I realized as I’ve been posting some of my old drawings that my self deprecation and self criticism has been pretty harsh. In all fairness, the samples of my art that I’ve posted was bad. Sure, I was just a kid when I drew most of that stuff, but that doesn’t change the fact that it sucked. Not everything I’ve drawn, however, has been terrible. In fact, some of it has been passably decent. And so that no one gets the idea that I was completely devoid of artistic skills, I have a few pieces to share with you.

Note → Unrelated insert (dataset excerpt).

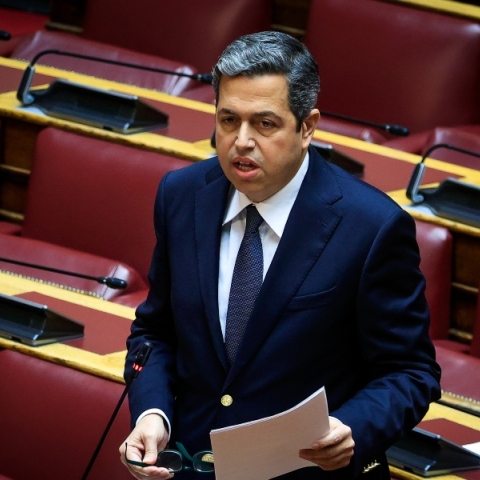 Με ένα χιουμοριστικό βίντεο ο Κεδίκογλου ανακοίνωσε τη ένταξή του στην ΕΛΑΣ του Τσίπρα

First, we have a caricature of Adam West as Batman and Burt Ward as Robin.I drew this back in 1989, and then colored it in 1990. It was after this that I realized I couldn’t keep coloring my work with markers. I never really learned how to use any other medium other than markers, but I realized I was ruining whatever quality my work may have had. I started moving more towards more humorous work in the late 1980s and early 90s, favoring cartoons and caricatures. This Batman piece was to be one of many caricatures of characters from film and television that I loved. I only got around to doing a handful of pieces like this, before “retiring.”
This Leatherface piece was done in 1989, just as I was really hitting whatever stride I had with my adopted cartoonish style. I did this piece right around the same time I did the Batman and Robin piece, but clearly I kept it black and white. I used shading film, which was my preferred weapon of choice in creating depth and texture in much of my later work.
And here is another caricature of Leatherface and his brothers, Choptop and the Cook from Texas Chainsaw Massacre 2. For some reason I never signed this one, so I have no idea when I drew it, though if memory serves me correctly it was before the other piece.
I hope this guy is recognizable. This is from 1990. I had done several other drawings of Mr. Spock. This was meant to be the first in a series of Star Trek caricatures, but all the others turned out really crappy.
This is an illustration I did in 1990 of gorilla soldiers from Planet of the Apes. Even though I was working mostly in the more cartoonish style, once in a while I’d try to get a bit more serious. I never colored it because I was worried I would ruin it.
This last piece is a single panel cartoon I did in 1990. I started doing a lot of single panel stuff in the late 1980s. My best works were these single panel pieces, which started out humorous, but took a much more somber and political tone as time progressed. I did a series of pieces about apartheid in South Africa, then moved into the area of gang violence. This piece represents one of the last, if not the last of my single panel strips. I won’t go into the full meaning of this piece, but there is more going on than what is most obvious, and clearly I had a lot on my mind with this one.